WHAT YOU WILL DO:
Would you retype exactly the lines below, starting with the one that has "enfrentamento até o fim" and going on through the one that has "26808 Grey Place, Stevenson", with no pictures and nothing else?

(Beginning of SUPPLIED DATA)

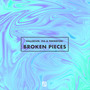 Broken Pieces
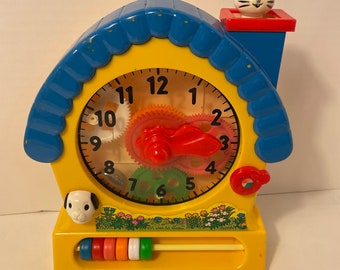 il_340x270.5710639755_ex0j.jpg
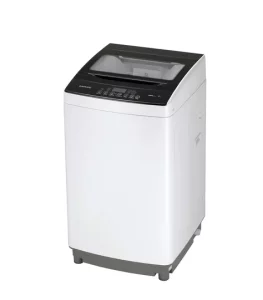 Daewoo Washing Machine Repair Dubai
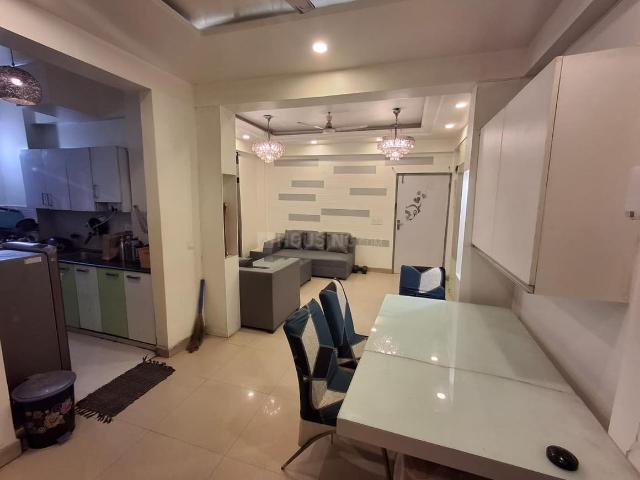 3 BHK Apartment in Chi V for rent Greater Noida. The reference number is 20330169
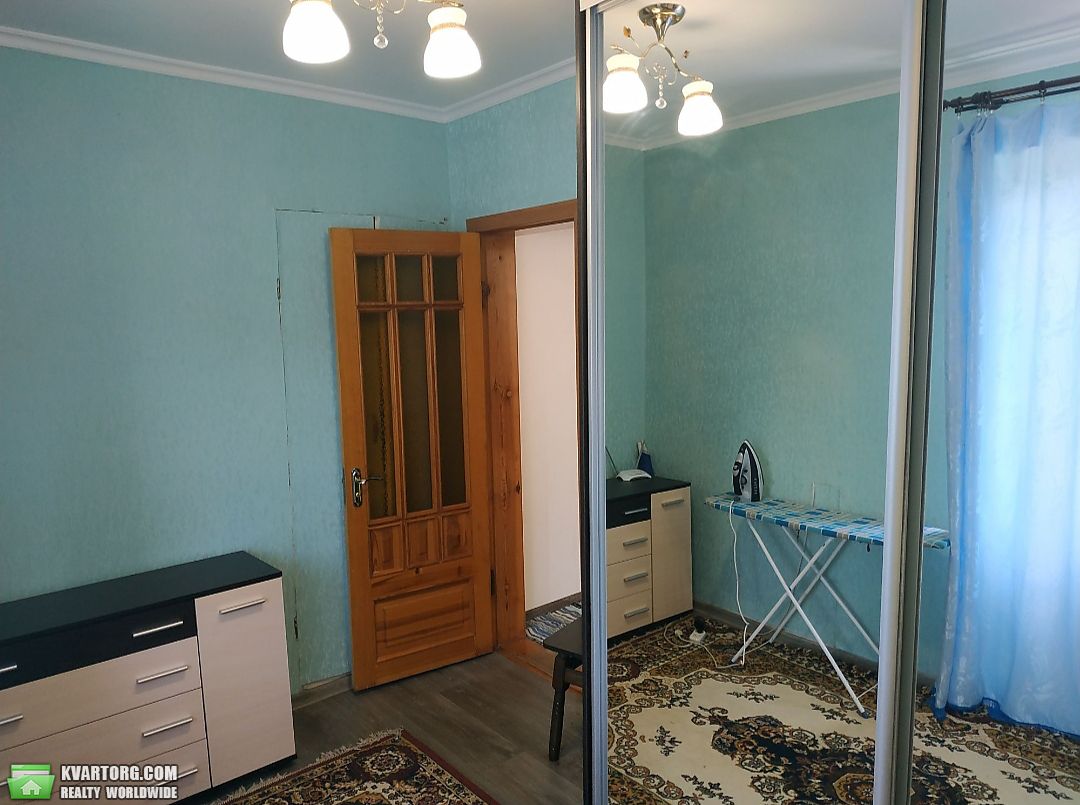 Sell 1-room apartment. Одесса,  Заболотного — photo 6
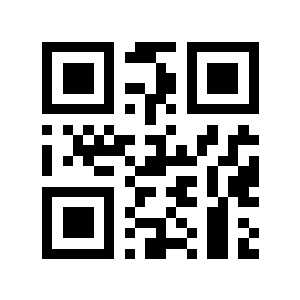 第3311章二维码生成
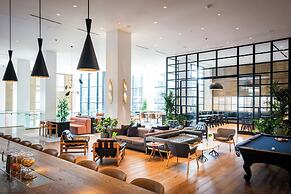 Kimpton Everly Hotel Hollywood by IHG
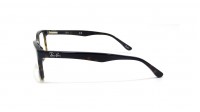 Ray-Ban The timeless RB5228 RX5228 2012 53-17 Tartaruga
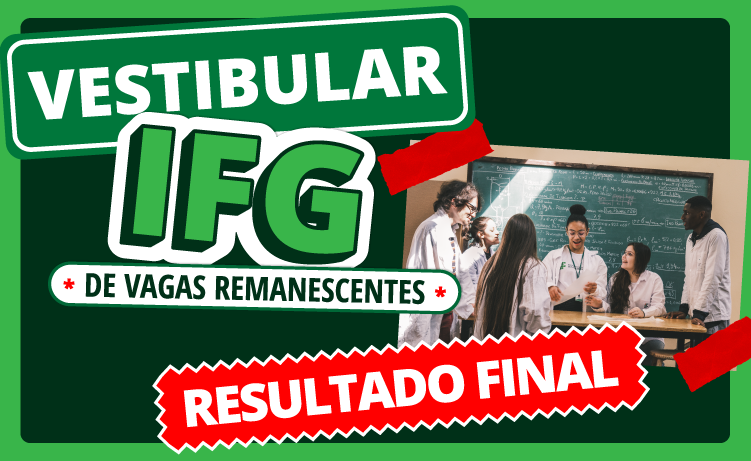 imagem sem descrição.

(End of SUPPLIED DATA)
(Beginning of SUPPLIED DATA)

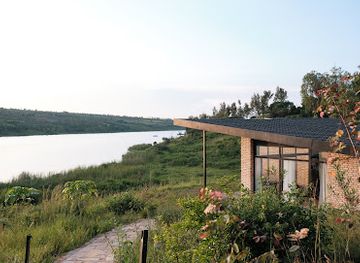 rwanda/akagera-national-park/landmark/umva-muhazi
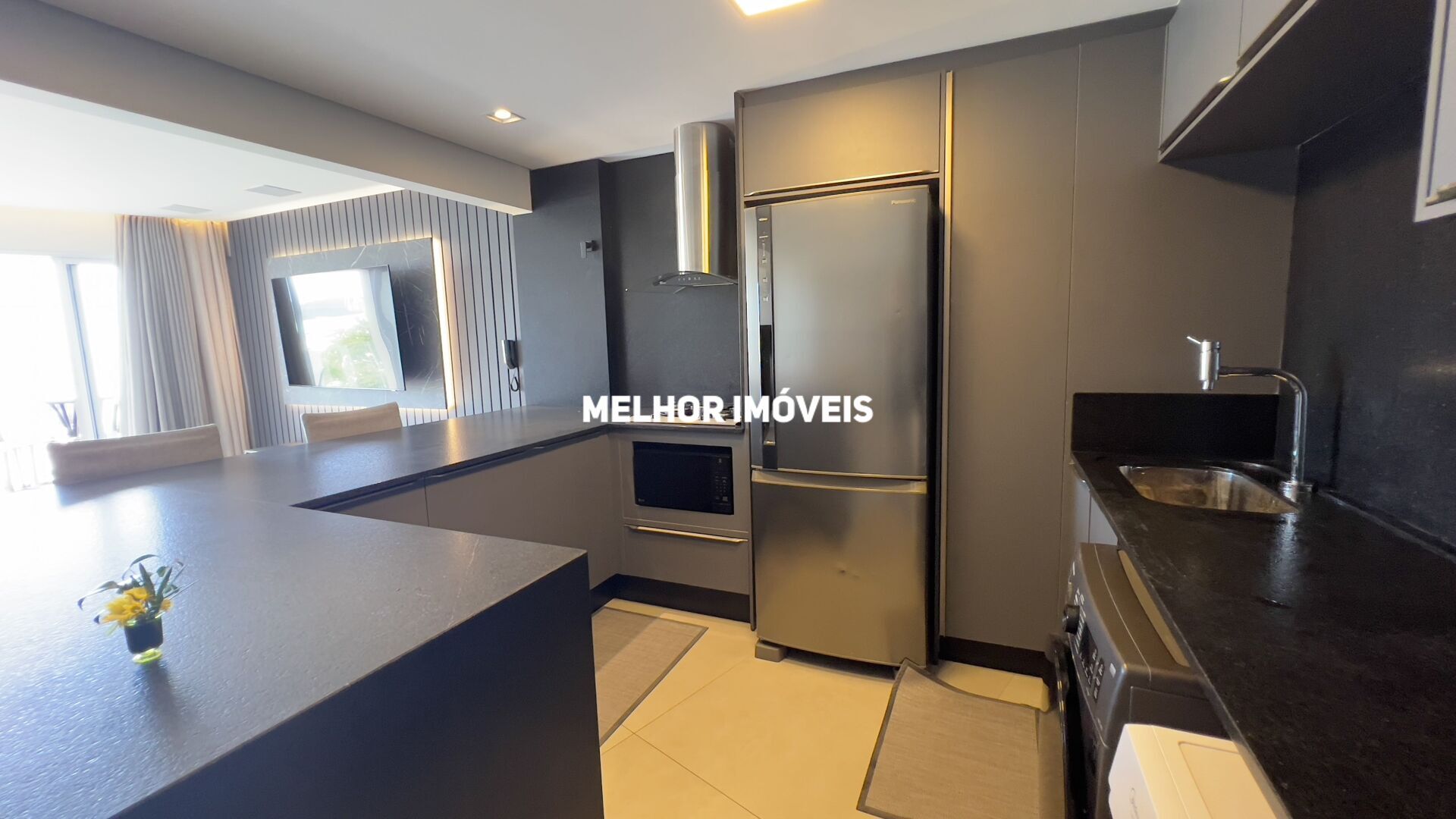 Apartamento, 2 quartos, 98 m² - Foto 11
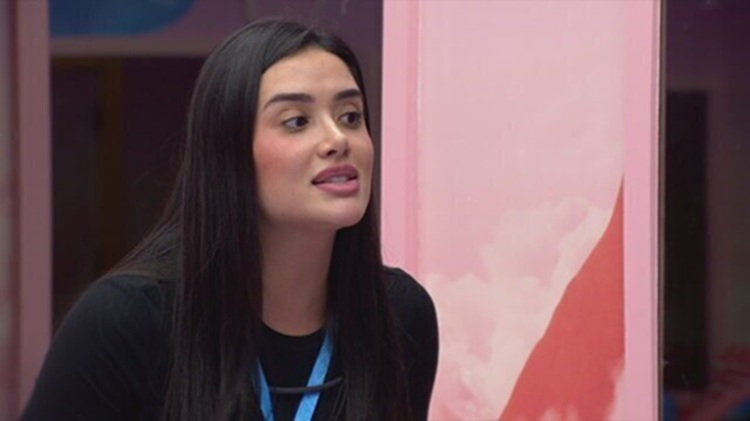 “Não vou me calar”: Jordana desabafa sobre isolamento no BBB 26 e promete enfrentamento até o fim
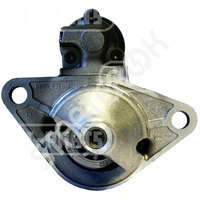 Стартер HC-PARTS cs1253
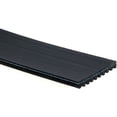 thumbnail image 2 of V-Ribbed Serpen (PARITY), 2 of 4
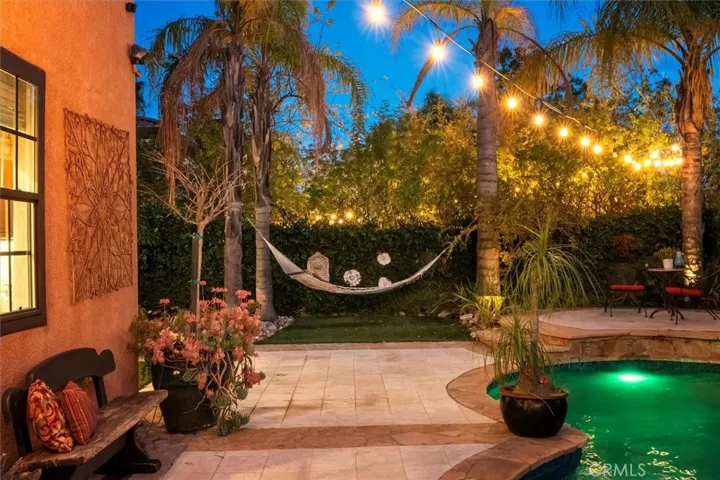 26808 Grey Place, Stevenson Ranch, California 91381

(End of SUPPLIED DATA)

REPLY:
 “Não vou me calar”: Jordana desabafa sobre isolamento no BBB 26 e promete enfrentamento até o fim
 Стартер HC-PARTS cs1253
 thumbnail image 2 of V-Ribbed Serpen (PARITY), 2 of 4
 26808 Grey Place, Stevenson Ranch, California 91381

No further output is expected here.